- Coat of arms Map of Sagrada Familia commune in the Maule Region Sagrada Familia Location in Chile
- Coordinates (city): 35°00′S 71°23′W﻿ / ﻿35.000°S 71.383°W
- Country: Chile
- Region: Maule
- Province: Curicó

Government
- • Type: Municipality
- • Alcalde: Francisco Meléndez Rojas (PS)

Area
- • Total: 548.8 km^{2} (211.9 sq mi)
- Elevation: 143 m (469 ft)

Population (2012 Census)
- • Total: 17,569
- • Density: 32.01/km^{2} (82.91/sq mi)
- • Urban: 5,080
- • Rural: 12,439

Sex
- • Men: 9,108
- • Women: 8,411
- Time zone: UTC-4 (CLT)
- • Summer (DST): UTC-3 (CLST)
- Area code: 56 + 75
- Website: Municipality of Sagrada Familia

= Sagrada Familia, Chile =

Sagrada Familia (Spanish meaning "Holy Family") is a Chilean town and commune in Curicó Province, Maule Region.

==Demographics==
According to the 2002 census of the National Statistics Institute, Sagrada Familia spans an area of 548.8 sqkm and has 17,519 inhabitants (9,108 men and 8,411 women).
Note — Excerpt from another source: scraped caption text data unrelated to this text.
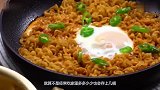 为什么说泡面是垃圾食品看到放大100倍的画面，你还敢吃吗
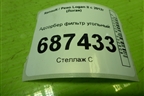 Адсорбер фильтр угольный (8201588838) для Renault Logan II с 2012г (Логан)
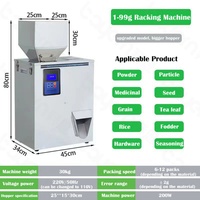 Machine de distribution automatique de sachet de thé de noix d'arachide de poudre de café de sucre Machine de remplissage multifonctionnelle de pesage de rayonnage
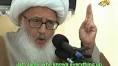 Who is Fatimah Zahra(A)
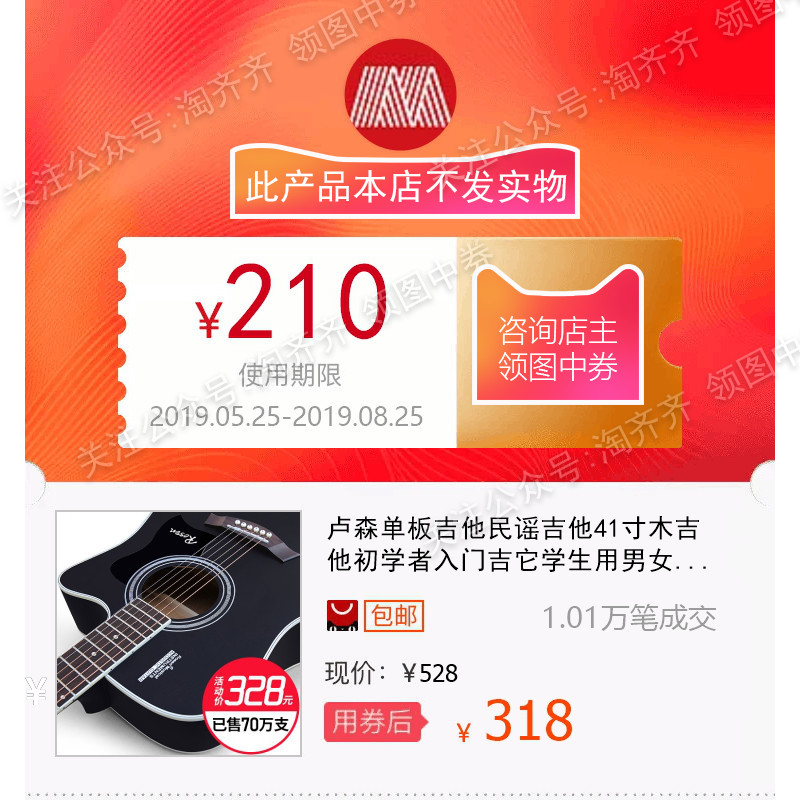 卢森单板吉他民谣吉他41寸木吉他初学者入门吉它学生用男女乐器在类目 网络店铺代金/优惠券, 淘宝店铺优惠券中 - 来自Buy2taobao.com提供专业的淘宝代购服务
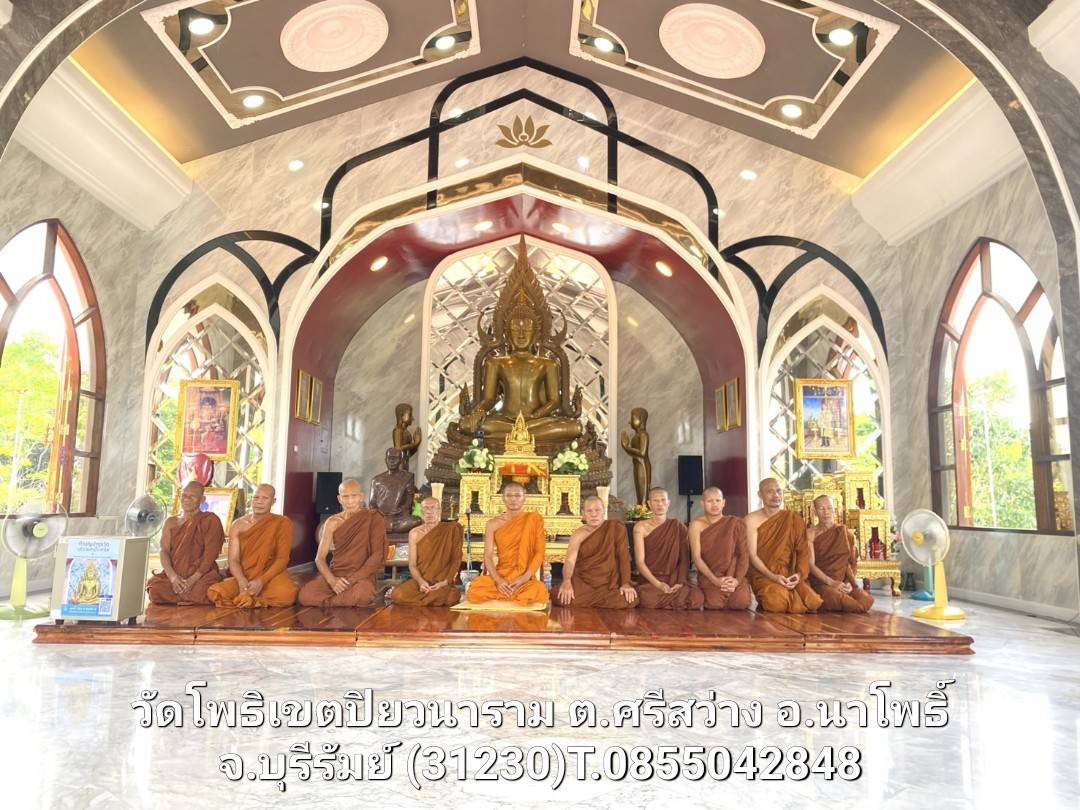 วัดโพธิเขตปิยวนาราม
Of these, 5,080 (29%) lived in urban areas and 12,439 (71%) in rural areas. The population grew by 3.7% (625 persons) between the 1992 and 2002 censuses.

==Administration==
As a commune, Sagrada Familia is a third-level administrative division of Chile administered by a municipal council, headed by an alcalde who is directly elected every four years. The 2008-2012 alcalde is Francisco Meléndez Rojas (PS).

Within the electoral divisions of Chile, Sagrada Familia is represented in the Chamber of Deputies by Roberto León (PDC) and Celso Morales (UDI) as part of the 36th electoral district, together with Curicó, Teno, Romeral, Molina, Hualañé, Licantén, Vichuquén and Rauco. The commune is represented in the Senate by Juan Antonio Coloma Correa (UDI) and Andrés Zaldívar Larraín (PDC) as part of the 10th senatorial constituency (Maule-North).